* Data listing *
+-------+

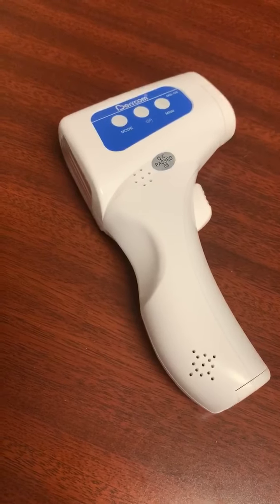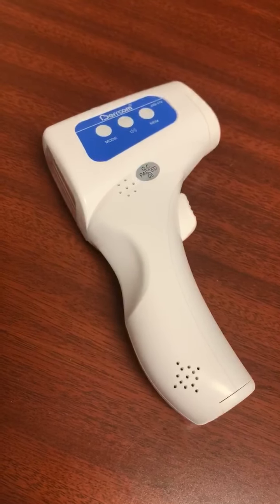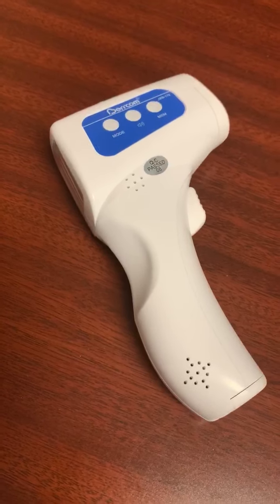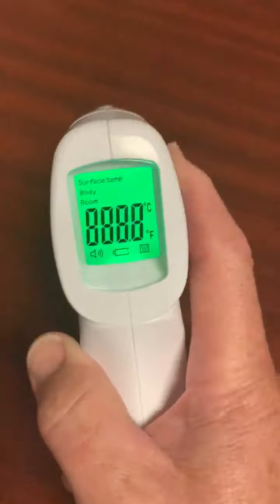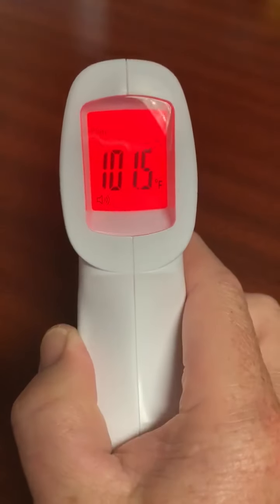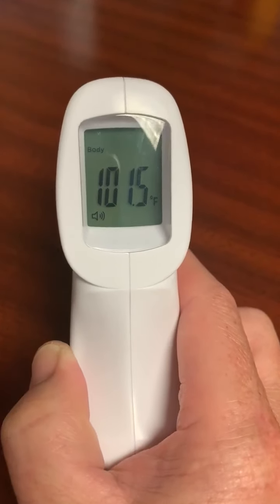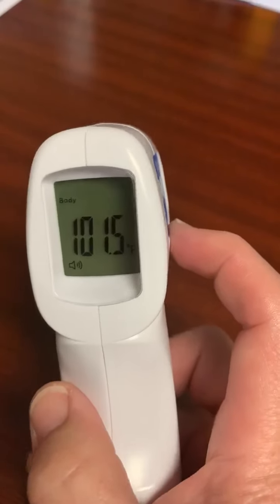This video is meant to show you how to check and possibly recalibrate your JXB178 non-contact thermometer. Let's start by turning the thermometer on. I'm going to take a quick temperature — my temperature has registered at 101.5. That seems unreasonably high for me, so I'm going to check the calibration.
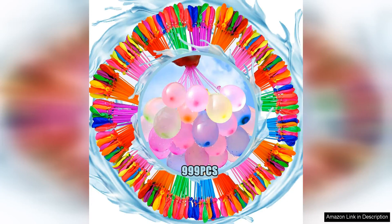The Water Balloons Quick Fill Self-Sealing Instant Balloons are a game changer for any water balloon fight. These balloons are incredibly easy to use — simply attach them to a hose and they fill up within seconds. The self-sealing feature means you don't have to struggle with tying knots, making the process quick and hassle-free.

+-------+

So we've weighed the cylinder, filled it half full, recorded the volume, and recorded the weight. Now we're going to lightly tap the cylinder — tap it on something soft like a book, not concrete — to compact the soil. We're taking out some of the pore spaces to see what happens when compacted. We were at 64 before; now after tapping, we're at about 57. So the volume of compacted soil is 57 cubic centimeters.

+-------+

Only one stretch of the material above is wanted: the line containing "This video is" through the line containing "The Water Balloons". Restate it word for word, minus the pictures.

This video is meant to show you how to check and possibly recalibrate your JXB178 non-contact thermometer. Let's start by turning the thermometer on. I'm going to take a quick temperature — my temperature has registered at 101.5. That seems unreasonably high for me, so I'm going to check the calibration.
The Water Balloons Quick Fill Self-Sealing Instant Balloons are a game changer for any water balloon fight. These balloons are incredibly easy to use — simply attach them to a hose and they fill up within seconds. The self-sealing feature means you don't have to struggle with tying knots, making the process quick and hassle-free.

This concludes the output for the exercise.